= TASK OBJECTIVE =
Render every line of the data exactly as written, and leave out the pictures.

· · · · ·

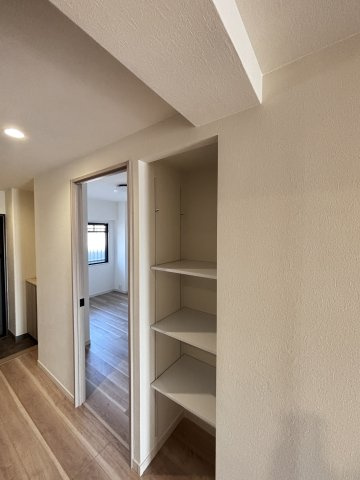 グランシャリオ可部中央の収納|廊下の収納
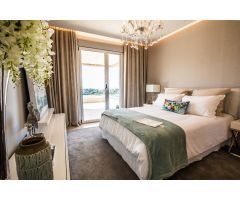 Exclusivo ático de 3 dormitorios en Benahavis con vistas al mar y la montaña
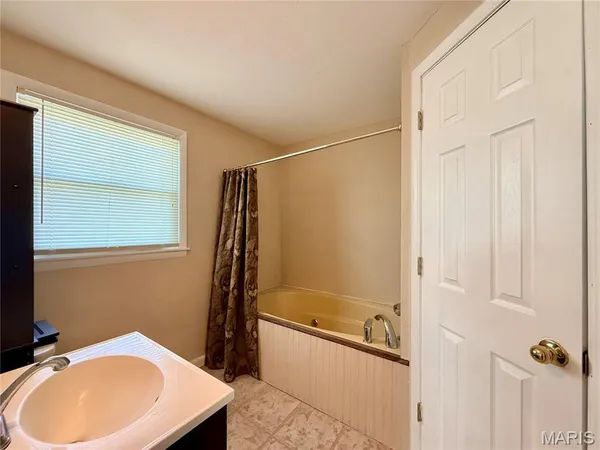 $229,000 | 415 South French Lane, Perryville, MO 63775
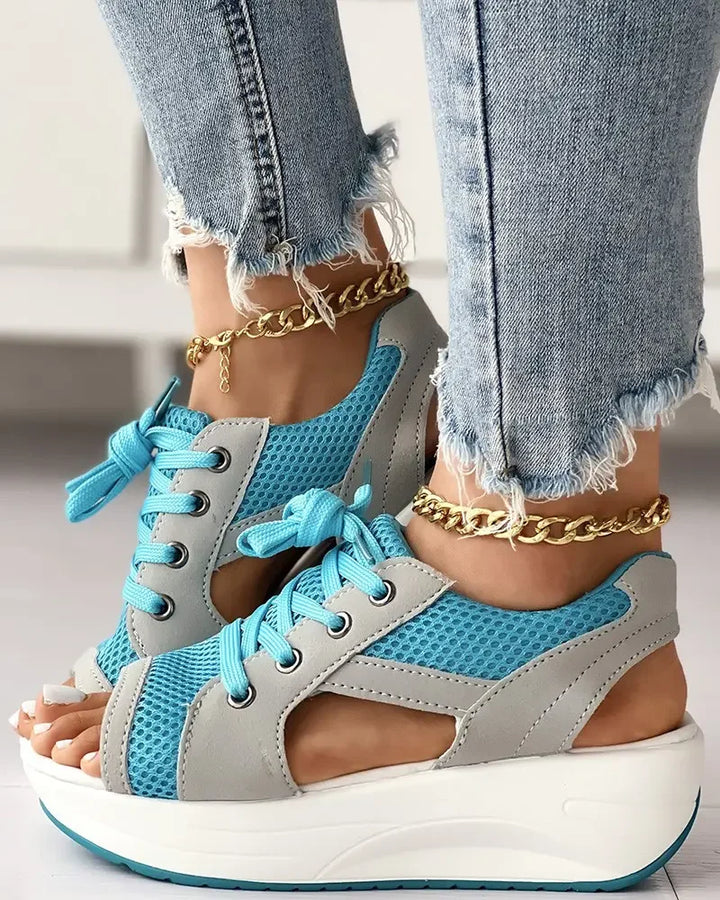 Celeste - Muffin Sandalen mit Kontrastierenden Einsätzen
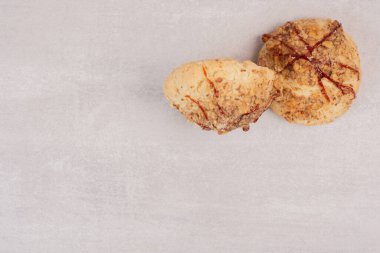 Beyaz arka planda karamel soslu yulaflı kurabiyeler. Yüksek kalite fotoğraf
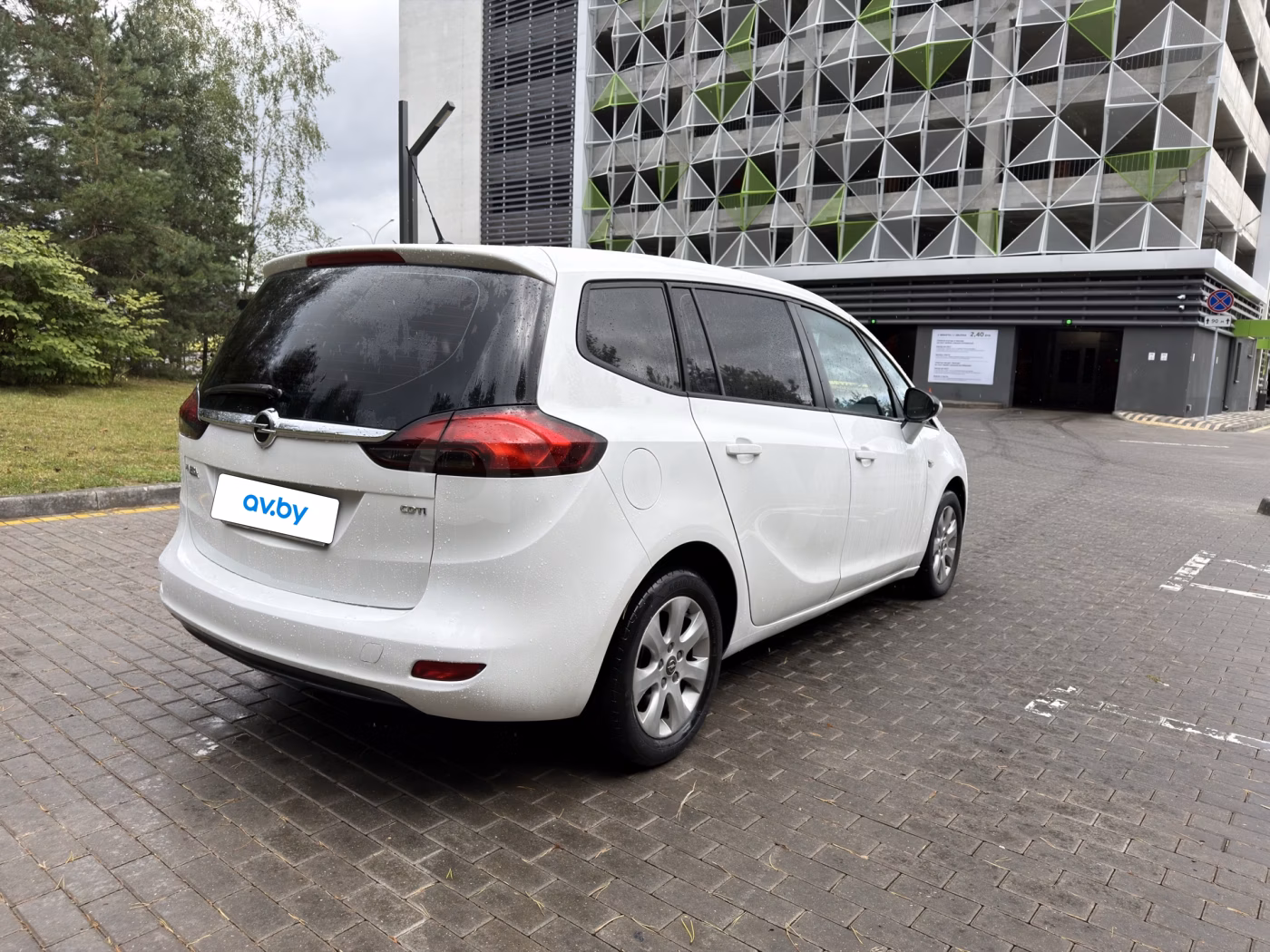 Opel Zafira фото 5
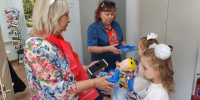 Порадовали ребят подарками к новому учебному году - КПРФ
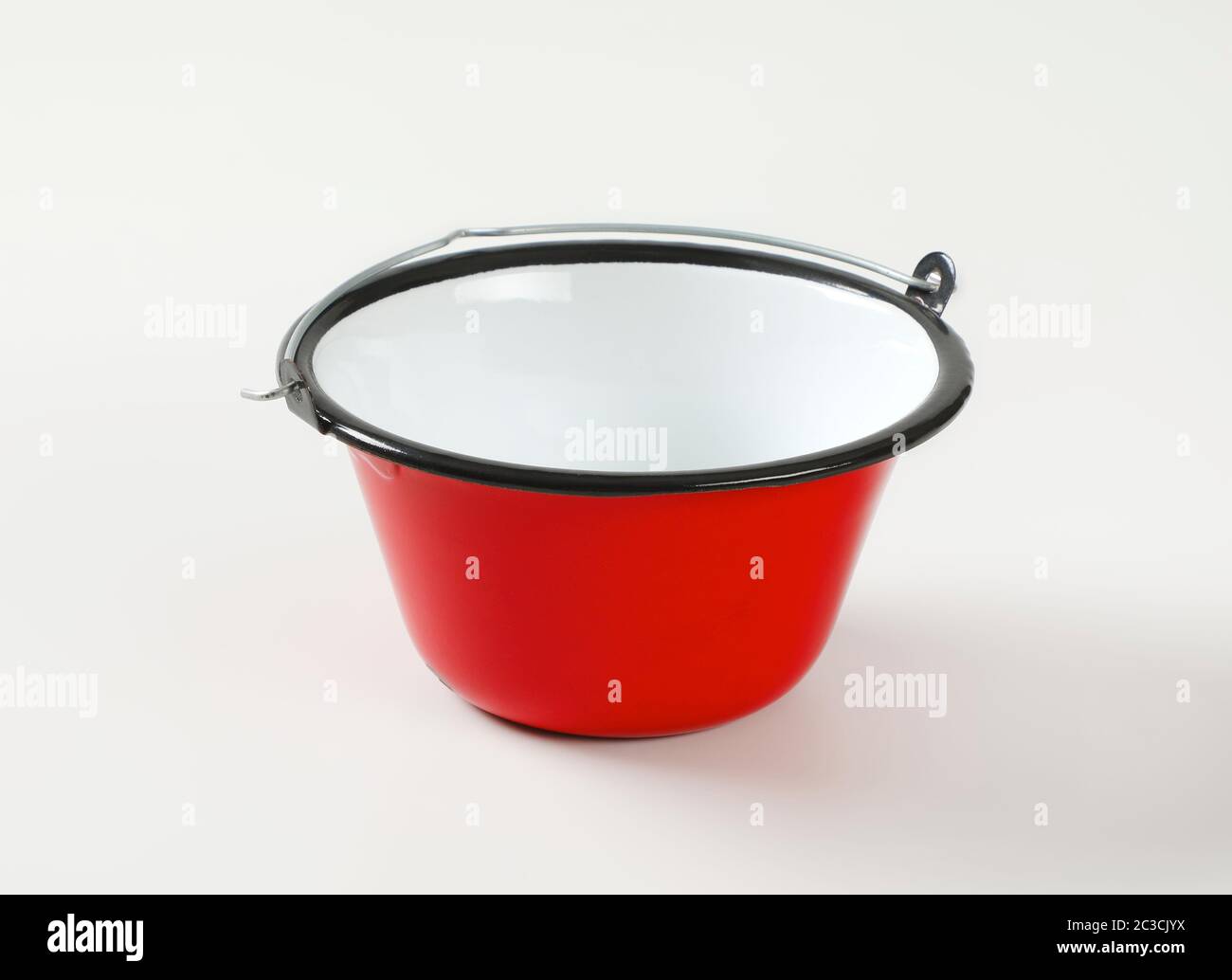 Marmite de cuisson/chaudron en émail rouge utilisée pour la cuisine extérieure au feu ouvert et servant goulash, soupes, sauces, vin chaud, sauces, fondue au fromage Banque D'Images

· · · · ·

= RESPONSE AREA =
 グランシャリオ可部中央の収納|廊下の収納
 Exclusivo ático de 3 dormitorios en Benahavis con vistas al mar y la montaña
 $229,000 | 415 South French Lane, Perryville, MO 63775
 Celeste - Muffin Sandalen mit Kontrastierenden Einsätzen
 Beyaz arka planda karamel soslu yulaflı kurabiyeler. Yüksek kalite fotoğraf
 Opel Zafira фото 5
 Порадовали ребят подарками к новому учебному году - КПРФ
 Marmite de cuisson/chaudron en émail rouge utilisée pour la cuisine extérieure au feu ouvert et servant goulash, soupes, sauces, vin chaud, sauces, fondue au fromage Banque D'Images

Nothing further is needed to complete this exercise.